■ AVAILABLE DATA ■
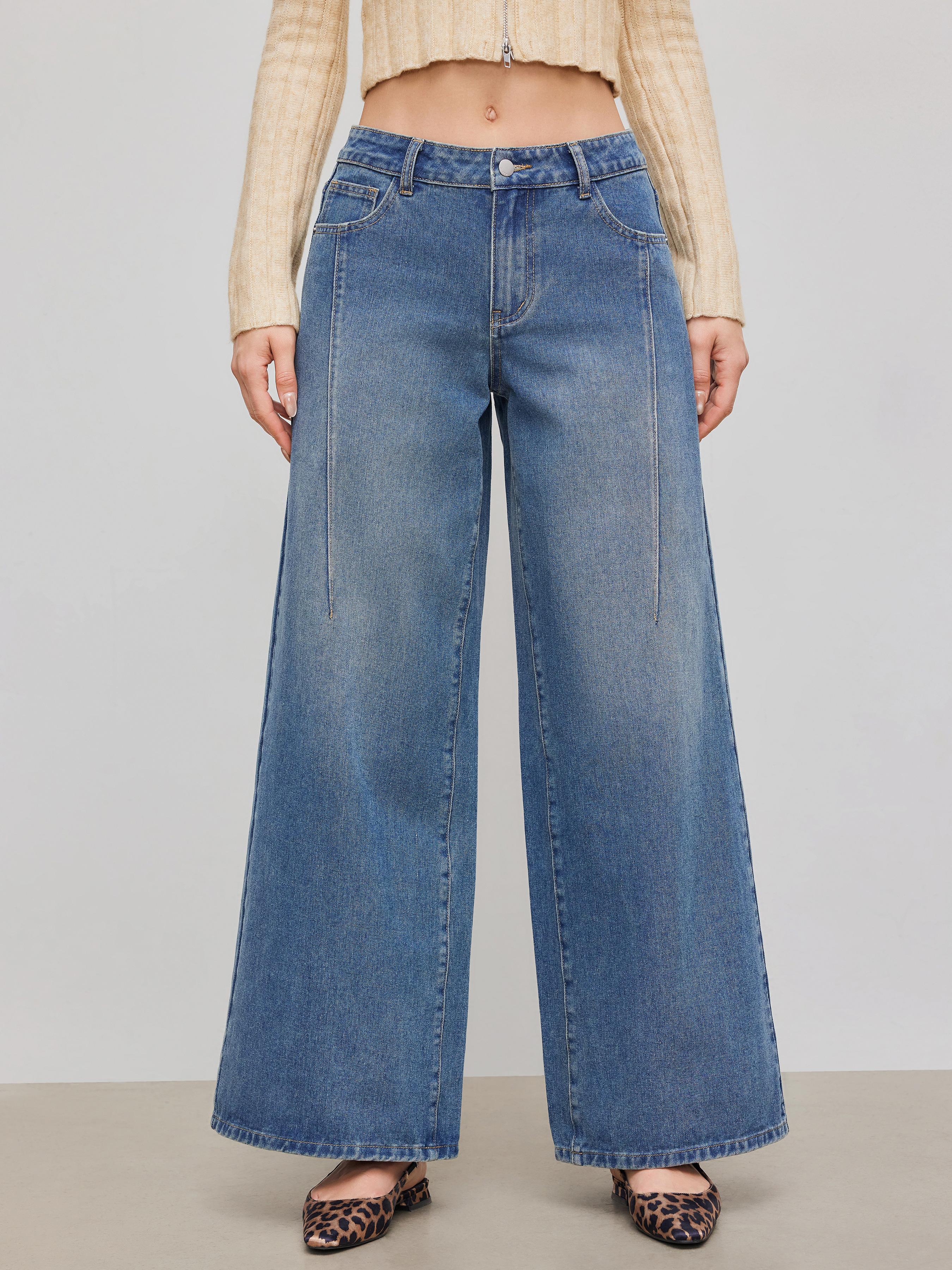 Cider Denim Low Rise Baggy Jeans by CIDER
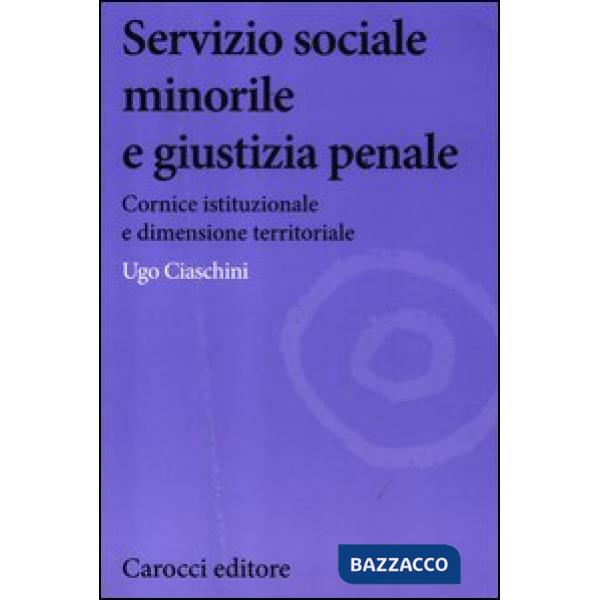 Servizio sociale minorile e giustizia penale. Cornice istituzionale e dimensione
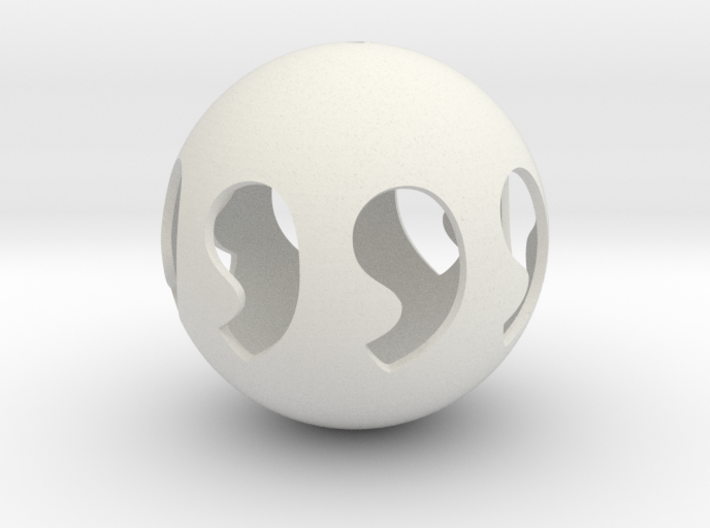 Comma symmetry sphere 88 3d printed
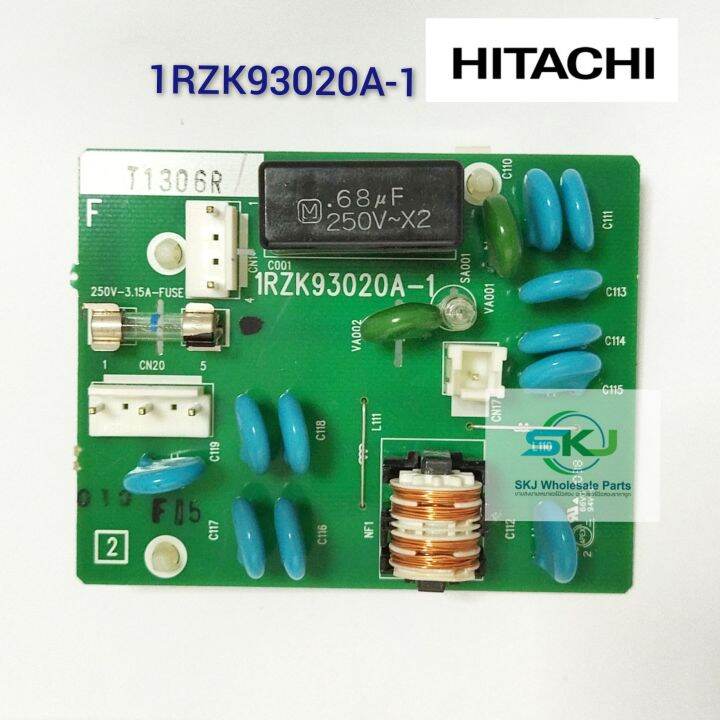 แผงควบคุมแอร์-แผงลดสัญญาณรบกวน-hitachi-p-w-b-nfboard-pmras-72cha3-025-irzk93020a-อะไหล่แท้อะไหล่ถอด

■ ACTION ITEM ■
Apart from the images, every line above is to be given again exactly.

■ OUTPUT FOR THIS EXERCISE ■
 Cider Denim Low Rise Baggy Jeans by CIDER
 Servizio sociale minorile e giustizia penale. Cornice istituzionale e dimensione
 Comma symmetry sphere 88 3d printed
 แผงควบคุมแอร์-แผงลดสัญญาณรบกวน-hitachi-p-w-b-nfboard-pmras-72cha3-025-irzk93020a-อะไหล่แท้อะไหล่ถอด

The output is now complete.